D’un gouvernement « issu » des Législatives, voici un gouvernement qui nous vient de la présidentielle. Une trouvaille qui peut ressembler beaucoup à une Tunisie en perte de repères. A-t-on assez lu la Constitution ? Kafkaïen !
Il semblerait que certains politiques tunisiens aient une manière bien particulière de faire de la politique. Et partant de là, ils semblent vouloir « enrichir » les sciences politiques.
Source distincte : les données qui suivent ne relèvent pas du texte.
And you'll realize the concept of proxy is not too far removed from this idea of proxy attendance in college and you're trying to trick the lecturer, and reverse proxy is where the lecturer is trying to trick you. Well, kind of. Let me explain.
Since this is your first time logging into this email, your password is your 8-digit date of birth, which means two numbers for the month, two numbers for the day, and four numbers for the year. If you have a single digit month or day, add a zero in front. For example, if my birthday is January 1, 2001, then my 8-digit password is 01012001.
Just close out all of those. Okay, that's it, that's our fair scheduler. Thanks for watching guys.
En témoigne du reste la réflexion faite par le chef du gouvernement désigné, Elyès Fakhfakh, le 24 janvier 2020. Le gouvernement qu’il souhaite mettre en place est, a-t-il annoncé, l’expression des voies qui se sont portées sur le président de la République. « Majoritaires dans le pays ».
Donc, le gouvernement qu’il entend composer ne sera pas un gouvernement issu du vote des législatives. Donc non représentatif du résultat des législatives. Comme cela se passe dans le monde entier.
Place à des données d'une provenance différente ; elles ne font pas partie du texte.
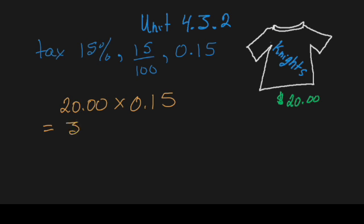And then you're going to say, well, how is my t-shirt only costing me $3? But the actual fact is you've only just calculated how much the 15% tax is. So in order to find out the total cost of the t-shirt, you're going to have to take your original $20 price tag and add the $3 to it.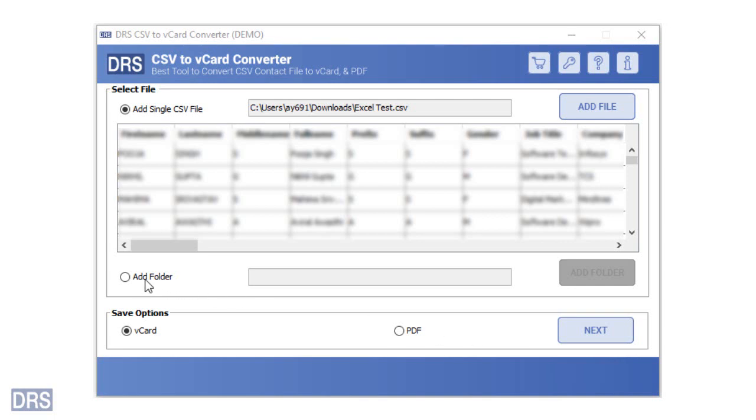Next, choose a particular saving option from vCard or PDF. Here we are demonstrating CSV to vCard conversion. So, we are selecting the vCard option.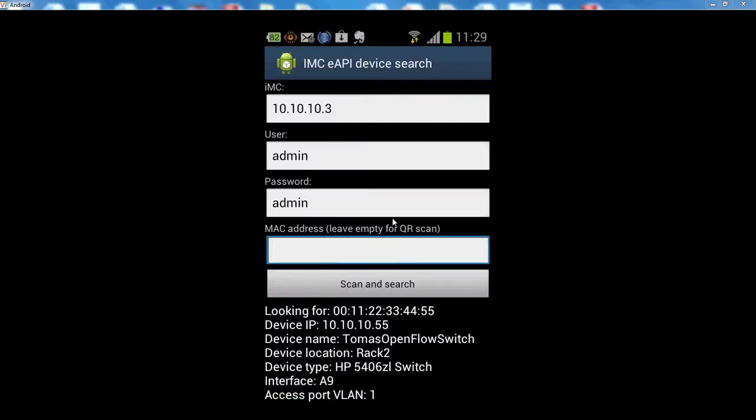And here we go. So this time I'm connected to switch which ends up in IP address 55. There is a different device name, of course. It's located in REC2 and it's HP 5400 series switch. And we are connected to port A9, which is an access port in VLAN 1. So that's how this application works.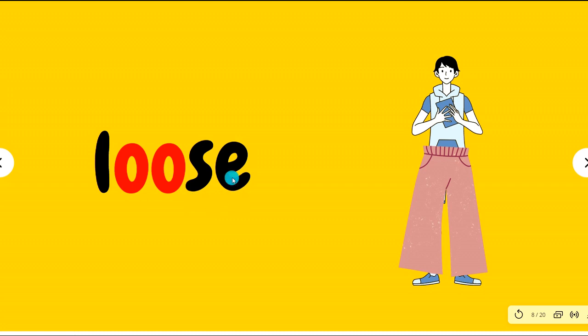Loose. The E is silent here, okay, we will not pronounce it. Loose. The pants are very loose.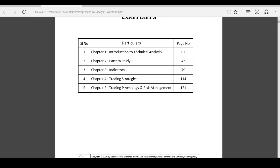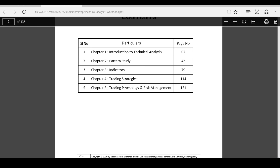The screen as well as my voice is clear, right? Can we start off? Let's start off with: what is technical analysis?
Une réflexion d’Elyès Fakhfakh qui ne peut que susciter deux questions. D’abord, pourquoi, dans ce cas, aller pour obtenir l’approbation des députés et de pourquoi parler, dans cet ordre d’idées, d’ « une ceinture » au sein du parlement ? Ensuite, que faire du contrôle exercé par l’Assemblée des Représentants du Peuple (ARP) inscrit dans la constitution et dans la pratique en Tunisie ?
Pourquoi avoir donc organisé également les Législatives ? Pourquoi avoir fait déplacer les votants le 6 octobre 2019 ? Et pourquoi avoir perdu tant d’argent et mobilisé tant d’énergie ?
Du moment que les législatives comptent pratiquement pour du beurre ! Le prochain gouvernement ne sera-t-il pas du reste « le gouvernement du Président » comme l’a souhaité un parti politique alors qu’Habib Jemli s’activait déjà à composer son gouvernement. Comment pourraient réagir les députés à cette incohérence ?
Il y a de quoi perdre son latin ou plutôt son arabe ! Voilà donc un gouvernement à composer sur la base des voies exprimées dans la présidentielle et non sur la base des Législatives.
Certes, l’équipe gouvernementale d’Habib Jemli, choisie, comme le prévoit l’article 89 de la constitution, par « le parti ou la coalition électorale ayant obtenu le plus grand nombre de sièges au sein de l’Assemblée des représentants du peuple soit chargée de former le gouvernement » est tombé. Mais.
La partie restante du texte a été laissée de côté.